Más allá del torrezno: naturaleza, cultura y sabor

A poca distancia, el Parque Natural del Cañón del Río Lobos nos espera con su majestuosidad. Con la ermita de San Bartolomé, una auténtica maravilla que emerge en el paisaje. Es un entorno natural de belleza impresionante, imprescindible para los amantes de la naturaleza y el senderismo.

Hay excursiones que se pueden hacer fácilmente en media jornada. Desde el sabinar de Calatañazor y el monumento natural de La Fuentona, hasta la fortaleza califal de Gormaz, imponente por su longitud. El románico porticado de San Esteban de Gormaz es otra visita obligada.

La gastronomía local va mucho más allá del famoso torrezno. Según la temporada, encontraremos exquisitos boletus y níscalos, caza menor y la tradicional morcilla de arroz. El lechazo y el cochinillo también son protagonistas indiscutibles en sus mesas.

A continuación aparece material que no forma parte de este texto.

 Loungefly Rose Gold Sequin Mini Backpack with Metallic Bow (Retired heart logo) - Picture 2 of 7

Para terminar la comida con buen gusto, no olvides pedir las paciencias. Estas galletas secas de toda la vida forman parte del paisaje gastronómico, son una solución dulce y tradicional. Son el punto final perfecto a cualquier comida generosa.

El restaurante Virrey Palafox es una referencia gastronómica local destacada. Los hermanos Martínez Soto sirven platos que mezclan la tradición de la matanza con legumbres y carnes de la provincia. Está incluido en la Guía Repsol, una garantía de calidad y buena comida.

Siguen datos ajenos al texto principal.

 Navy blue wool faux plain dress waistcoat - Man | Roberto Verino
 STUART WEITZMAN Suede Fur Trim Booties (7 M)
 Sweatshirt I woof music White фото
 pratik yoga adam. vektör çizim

Las Jornadas de la Matanza nacieron casi por casualidad en 1974. Hoy están declaradas de Interés Turístico Nacional. Personalidades como Camilo José Cela o Loquillo han sido pregoneros de este evento único.

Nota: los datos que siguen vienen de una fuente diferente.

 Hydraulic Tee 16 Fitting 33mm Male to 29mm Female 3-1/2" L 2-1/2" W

Tu próxima escapada te llama

No dejes pasar la oportunidad de vivir esta experiencia en primera persona. Este tipo de descubrimientos, que combinan historia, naturaleza y gastronomía, son cada vez más raros. La historia milenaria y el sabor auténtico te esperan sin excusas.

@soriaesmas_ Hoy visitamos… El Burgo de Osma 😍👇🏼😋 #soria #soriaesmas #elburgodeosma #elburgodeosmasoria #turismo #pueblos #pueblosconencanto #turismocyl #turismoespaña #pueblosespaña #fyp #viralvideos #new #parati ♬ sonido original – Marta Moreno

Ya lo sabes, un viaje al Burgo de Osma es una inversión en cultura, naturaleza y placer gastronómico. ¿Quién diría que un simple torrezno nos llevaría hasta un lugar tan sorprendente y lleno de secretos?